[[ RECORDS FOR THE EXERCISE, beginning ]]
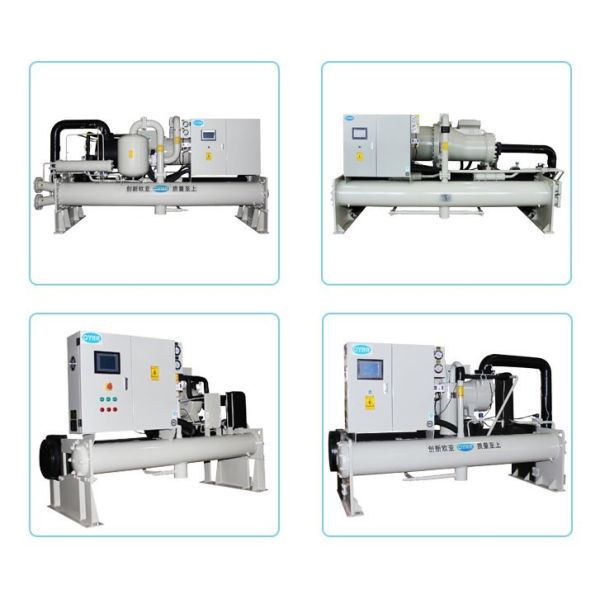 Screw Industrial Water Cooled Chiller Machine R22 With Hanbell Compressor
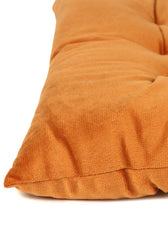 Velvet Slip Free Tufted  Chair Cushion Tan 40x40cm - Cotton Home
[[ RECORDS FOR THE EXERCISE, end ]]
[[ RECORDS FOR THE EXERCISE, beginning ]]
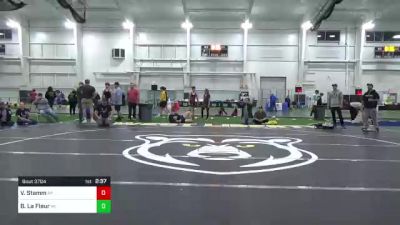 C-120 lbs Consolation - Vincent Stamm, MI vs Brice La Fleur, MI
[[ RECORDS FOR THE EXERCISE, end ]]
**WORK INSTRUCTION**:
All lines above starting at the one with "Screw Industrial Water" and ending at the one with "Velvet Slip Free", inclusive, are to be printed again exactly, with the pictures left out.

**WRITTEN SOLUTION**:
 Screw Industrial Water Cooled Chiller Machine R22 With Hanbell Compressor
 Velvet Slip Free Tufted  Chair Cushion Tan 40x40cm - Cotton Home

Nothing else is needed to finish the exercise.